Well, let’s see. Can anyone disprove that Luther uttered these words?
“My word is the word of Christ; my mouth is the mouth of Christ" (O'Hare PF. The Facts About Luther, 1916--1987 reprint ed., pp. 203-204).
That very much sounds to me as though Luther saw himself as replacing the Pope.
Some might say
Some might say that Luther meant that God spoke through him the way that God speaks and works through the rest of us. But, that doesn’t square with his behaviour.
If he did not consider himself the replacement for the Pope, if he did not consider himself the authority over the Word of God, then why did he think he had authority to change the Word of God? Consider that Luther went on to challenge many books of Scripture. It is well known that he removed seven books from the Old Testament. It is not as well known that he also wanted to remove the books of St. James, Hebrews, Jude and Revelations from the New Testament.
St. James' epistle is really an epistle of straw…for it has nothing of the nature of the gospel about it" (Luther, M. Preface to the New Testament, 1546).
Up to this point we have had the true and certain chief books of the New Testament. The four which follow have from ancient times had a different reputation. In the first place, the fact that Hebrews is not an epistle of St. Paul, or of any other apostle (Luther, M. Prefaces to the Epistle of the Hebrews, 1546).
Concerning the epistle of St. Jude, no one can deny that it is an extract or copy of St. Peter's second epistle…Therefore, although I value this book, it is an epistle that need not be counted among the chief books which are supposed to lay the foundations of faith (Luther, M. Preface to the Epistles of St. James and St. Jude, 1546).
“to my mind, it [the book of the Apocalypse/Revelation] bears upon it no marks of an apostolic or prophetic character…Everyone may form his own judgment of this book; as for myself, I feel an aversion to it, and to me this is sufficient reason for rejecting it.” (Sammtliche Werke, 63, pp169-170, ‘The Facts About Luther’, O’Hare, TAN Books, 1987, p203)
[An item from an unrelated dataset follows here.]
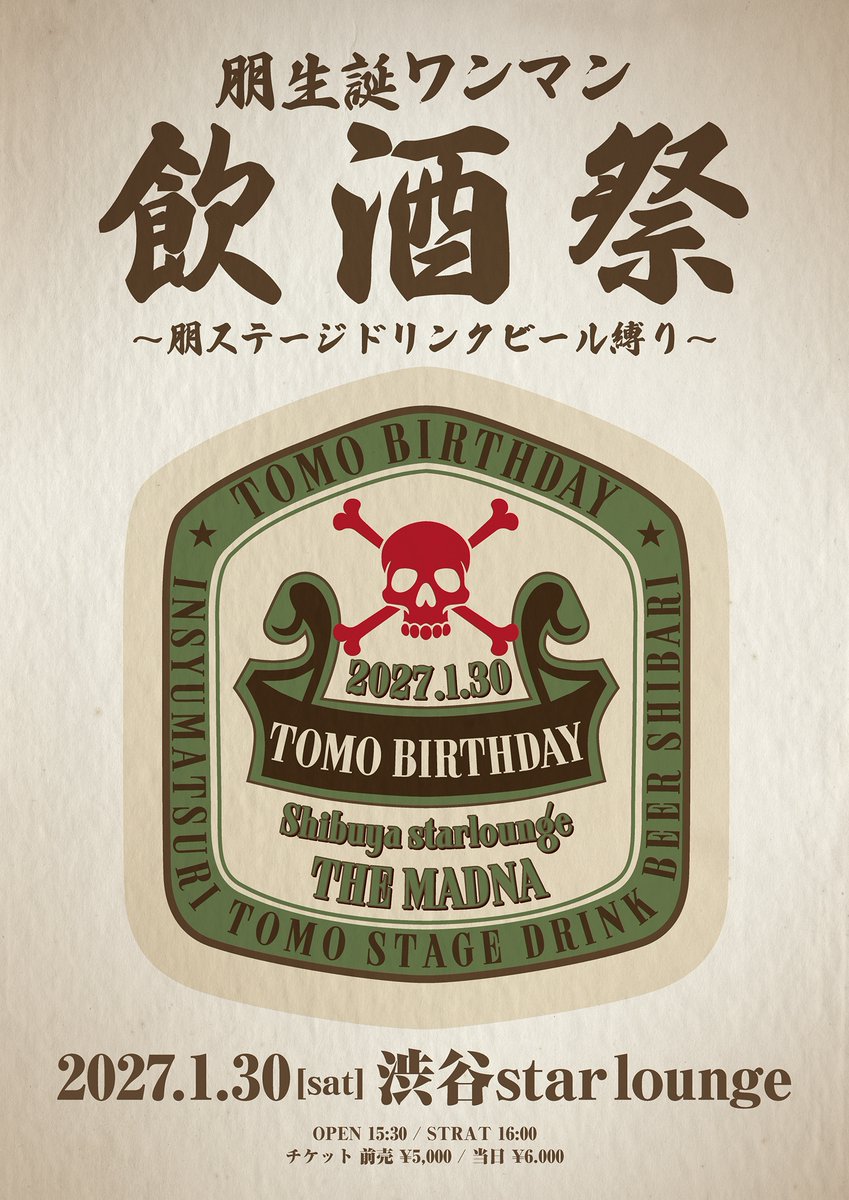 THEMADNA__JP's tweet photo. 🍺朋 生誕ワンマン開催🍺

朋 生誕ワンマン
飲酒祭～朋ステージドリンクビール縛り～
Obviously, he assumed authority over Scripture and the Church, for himself. So much so, that he had no qualms about adding or taking away from the Word of God:
You tell me what a great fuss the Papists are making because the word alone is not in the text of Paul…say right out to him: 'Dr. Martin Luther will have it so,'…I will have it so, and I order it to be so, and my will is reason enough. I know very well that the word 'alone' is not in the Latin or the Greek text (Stoddard J. Rebuilding a Lost Faith. 1922, pp. 101-102; see also Luther M. Amic. Discussion, 1, 127).
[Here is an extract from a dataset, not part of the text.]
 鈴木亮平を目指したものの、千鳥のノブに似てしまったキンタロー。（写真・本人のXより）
So, by his actions, Luther proves that he thought he had replaced the Catholic Church and the Pope. He denied the infallibility of the Pope and the Church. And claimed it for himself.
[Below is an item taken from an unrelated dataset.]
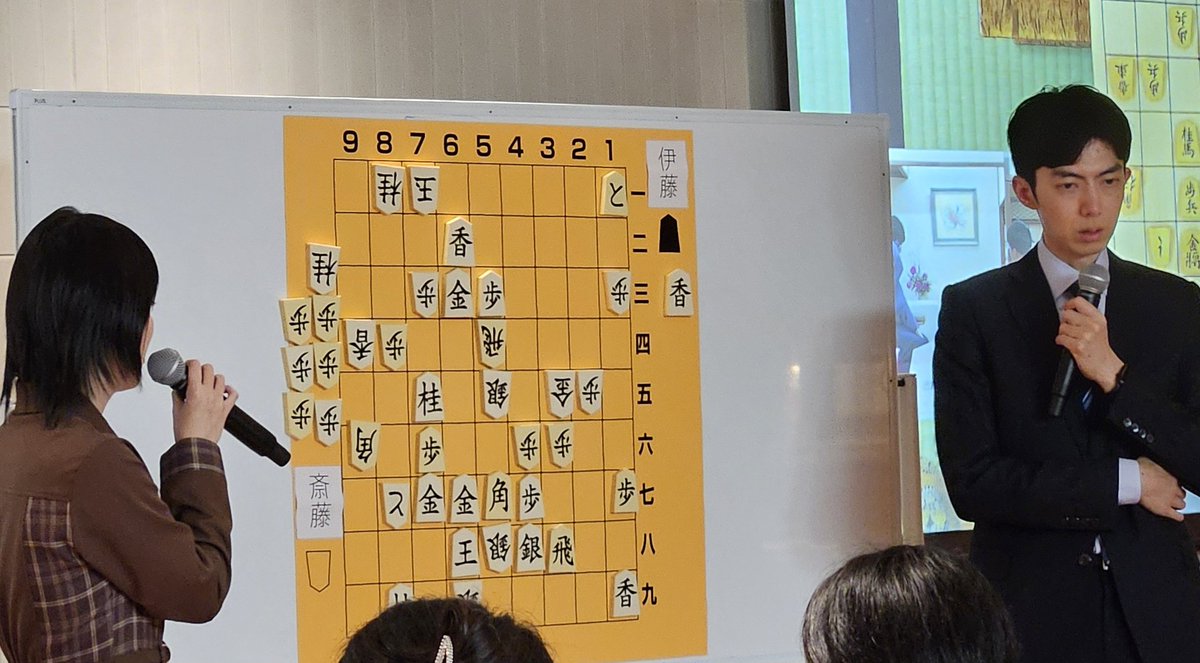 昨日の叡王戦第3局、人生で2回目の大盤解説会に行ってきた。
解説会も楽しかったし、なにより対局の内容が名局だった。
どちらの刃が先に届くかっていうギリギリの感じが最後まで続く素晴らしい対局だった。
Against the Spiritual Estate and the Bishops Falsely So Called in 1522:
…I now let you [bishops] know that from now on I shall no longer do you the honor of allowing you — or even an angel from heaven — to judge my teaching or to examine it. For there has been enough foolish humility…and it has not helped… For since I am certain of [my teaching], I shall be your judge…so that whoever does not accept my teaching may not be saved — for it is God’s and not mine. Therefore, my judgment is also not mine but God’s.
What actually happened, though, is that Martin Luther opened a box more dreadful than Pandora’s. And he couldn’t put back in, the evil spirits he unleashed. Therefore, he had to settle for becoming one of the leaders of his movement. Not the only and supreme leader.
In truth, it is difficult to understand Luther’s writings. He contradicted himself continually. However, if we put together his writings and his actions, we see that he truly considered himself the infallible leader of God’s Church. Otherwise, there is no explanation for his attitude towards God’s written Word.